The next step in this little trilogy of working directly on photopolymer adds pigment to the spit-biting solutions used in the previous post.
Consider the advantage of not only being able to etch the plate as one would with a metal plate and acid, but also be able to utilize the photosensitive properties that remain intact after the spit biting, AND can achieve a litho-like reticulating texture!
To start the experiment, I burned an aquatint pattern into the plate prior to spit-biting. You could use a regular screen for a traditional look…or use an alternative pattern (that’s a whole other post). Like a traditional spit-bite, the aquatint pattern will give the bite an underlaying structure to hold ink.
The etching solution is best slightly favoring alcohol in its ratio. Since adding pigment will take care of your truly dark areas, you don’t want to etch too heavily in the initial biting process. More alcohol will also make the solution evaporate faster.

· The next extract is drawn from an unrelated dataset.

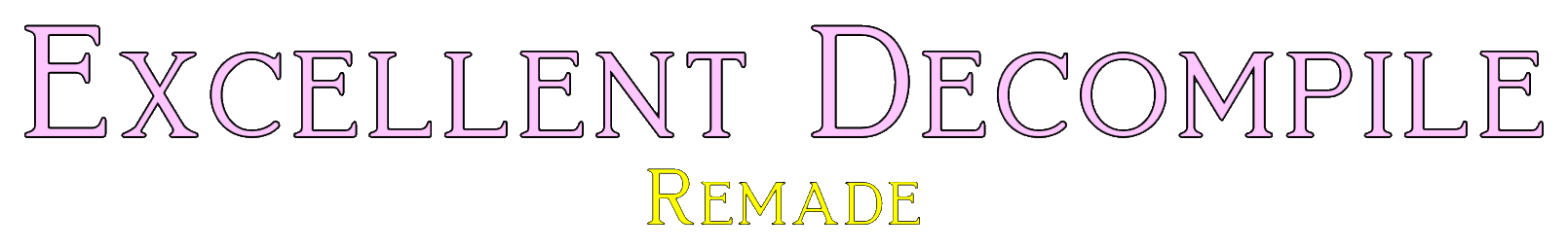 Excellent Decompile: Remade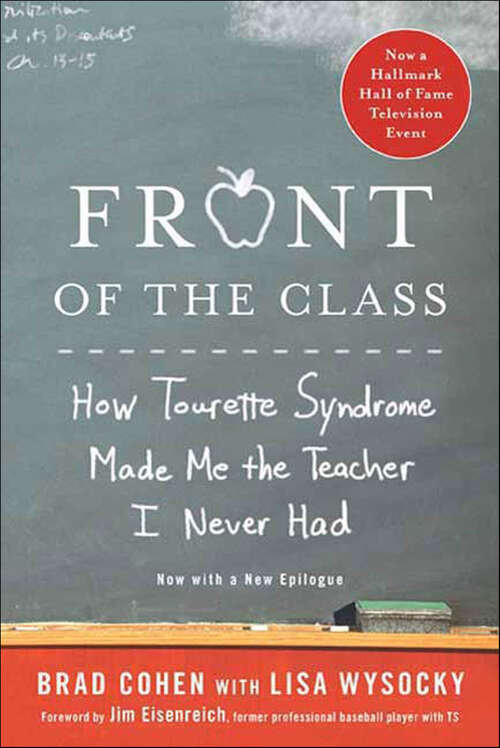 Book cover of Front of the Class: How Tourette Syndrome Made Me the Teacher I Never Had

For the pigment I used ordinary copy toner and a splash of dish soap to break the surface tension of the water, which will allow the toner to fully incorporate into the solution.
Like previous experiments, I did actually try this process without first burning in an aquatint pattern, which created a kind of flooded riverbed pattern. The deep, open-etched area had that nice touch of the halo printing that open etches do…dark, juicy edges with a feathering out toward the center of the void.
Timing takes a bit of finesse and a whole lot of guess work/experimentation. While etching, be sure to wear a respirator and work in a well-ventilated area (while still protected from ambient light). The plate can off-gas some strong smells when spit-biting.
The exposure was what I would usually use for an exposure, but the plate only needs to be open to the light, no vacuum or glass plate is needed.
The development is the same, as there are parts that will still need to wash away. It might not be a bad idea to use a separate developing tray for this particular process, as the toner (or whatever pigment you use) will pollute to solution and potentially stain the tray.
Follow through with the usual heat set and curing exposure, and then you’re ready to print!
These experiments were done between 2013 and 2014.
The content presented here is a documentation of my own experiments. While I can account for my own actions and safety, I cannot account for yours. IF you decide to attempt or tinker with similar experiments to my own, PLEASE focus your utmost attention to safety and critical thinking. I am not responsible, in any way, for misunderstandings or mishaps resulting in material or physical harm. Proceed at your own risk.